The young of native freshwater fish migrating upriver as juveniles in the spring to spawn in the autumn, whitebait go by many names, though the main species are inanga, koaro or kokopu. Some find them bland but they have a delicacy's price tag: at $120 a kilo, they make snapper fillet and blue cod seem budget choices.
Little wonder that the fishing spots - small jetties, often floating, that the fishers call stands - are well attended during the season.
Gordon Pryor has been coming for 50 years to a stand he inherited from his father-in-law. His substantial generator-powered bach includes Sky TV ("You don't want to miss the game"), a freezer for his catch and a fridge that looks like it could hold a lot of beer.
The river looks nice today, he tells me, but "it can be 2m high if you get the tide and the wind right. It can be very ugly. You'll still catch fish - how and why I'm buggered if I know, but you do get them".
What with whitebaiting and duck shooting, Pryor's here almost as often as he's not and the fishing is worthwhile. He is coy about specific numbers but he's hauled in "several hundred" kilos this season and his best day earned him $8000.
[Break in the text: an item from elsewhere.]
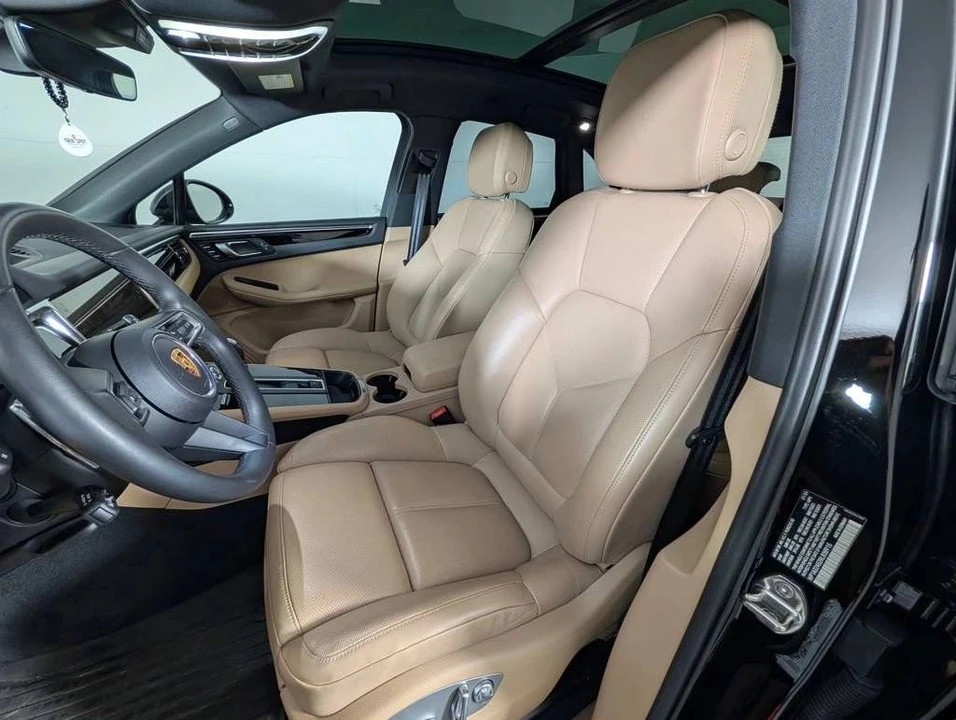 2024 Porsche Macan S - Image 5 of 5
"But you have to spend 24/7 at it," he explains. "It's no use being at home and hearing tonight what's happened today and coming down tomorrow and expecting to do well. It doesn't work like that."
All the fishers tell the same story - your luck can change in a moment. Willie Watson, a 35-year veteran on the north side, tells of the time he had a nap and awoke to a net so full it burst as he pulled it in.
This stretch of the Waikato has a proud whitebaiting history. You can still see the ruins of a cannery that closed in 1965 after 80 years of operation.
These days, it's strictly fresh or frozen, but whitebaiters don't gorge themselves on their catch.
"Yeah, I like it all right," says Pryor when I ask why. "But I hardly ever eat it. It's too expensive."